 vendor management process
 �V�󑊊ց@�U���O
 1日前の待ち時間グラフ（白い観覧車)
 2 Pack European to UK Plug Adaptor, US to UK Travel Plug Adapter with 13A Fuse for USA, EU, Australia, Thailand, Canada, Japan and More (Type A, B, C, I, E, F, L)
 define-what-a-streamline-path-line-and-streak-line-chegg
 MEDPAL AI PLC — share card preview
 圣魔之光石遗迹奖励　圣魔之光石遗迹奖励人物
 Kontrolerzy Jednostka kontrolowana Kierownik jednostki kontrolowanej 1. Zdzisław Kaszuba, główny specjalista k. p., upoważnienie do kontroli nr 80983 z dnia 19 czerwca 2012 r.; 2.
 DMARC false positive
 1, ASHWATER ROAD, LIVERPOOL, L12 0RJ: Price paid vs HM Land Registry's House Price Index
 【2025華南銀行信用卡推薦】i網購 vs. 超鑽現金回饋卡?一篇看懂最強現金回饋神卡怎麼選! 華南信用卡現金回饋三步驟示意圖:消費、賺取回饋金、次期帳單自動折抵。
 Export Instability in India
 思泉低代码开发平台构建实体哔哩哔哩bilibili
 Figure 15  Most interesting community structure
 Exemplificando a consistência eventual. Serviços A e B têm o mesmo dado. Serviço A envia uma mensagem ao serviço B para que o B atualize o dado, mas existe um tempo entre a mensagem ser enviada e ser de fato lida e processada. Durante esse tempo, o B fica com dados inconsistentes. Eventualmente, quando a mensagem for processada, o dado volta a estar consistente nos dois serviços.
◆ ◆ ◆
**Problem statement:** Would you please set down the lines from the one with "interesting community structure" to the end of the data above, exactly and without any other lines?

**Result for this task:**
 Figure 15  Most interesting community structure
 Exemplificando a consistência eventual. Serviços A e B têm o mesmo dado. Serviço A envia uma mensagem ao serviço B para que o B atualize o dado, mas existe um tempo entre a mensagem ser enviada e ser de fato lida e processada. Durante esse tempo, o B fica com dados inconsistentes. Eventualmente, quando a mensagem for processada, o dado volta a estar consistente nos dois serviços.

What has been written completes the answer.